'''

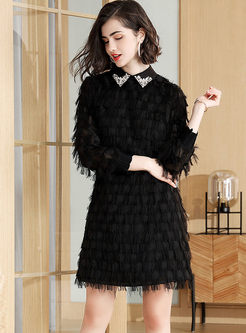 Black Lapel Long Sleeve Tassel Dress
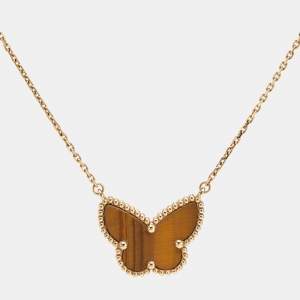 Van Cleef & Arpels Lucky Alhambra Tiger's Eye 18k Yellow Gold Necklace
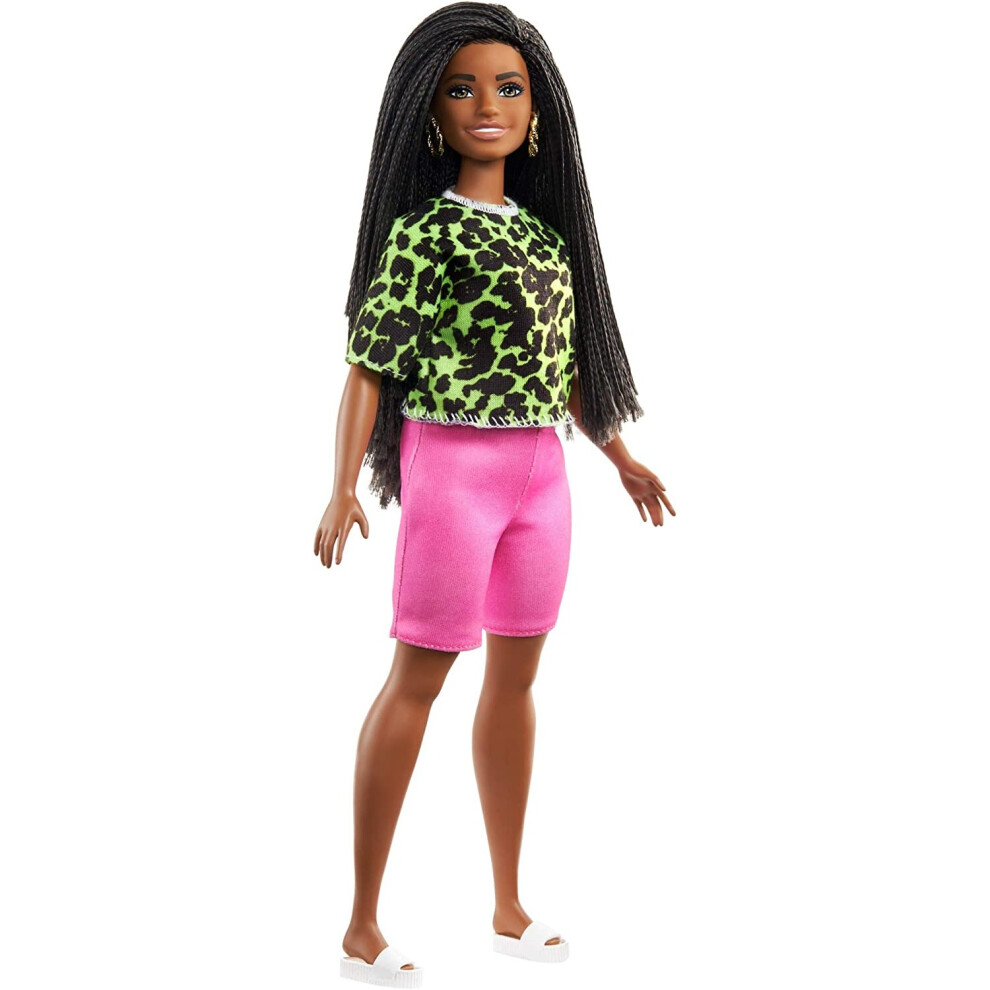 Barbie Fashionistas Brunette Braids With Neon Animal Print Shirt Doll Green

'''

WORK REQUEST:
Go through the data above and transcribe it in full, omitting any image.

RESPONSE TO THE EXERCISE:
 Black Lapel Long Sleeve Tassel Dress
 Van Cleef & Arpels Lucky Alhambra Tiger's Eye 18k Yellow Gold Necklace
 Barbie Fashionistas Brunette Braids With Neon Animal Print Shirt Doll Green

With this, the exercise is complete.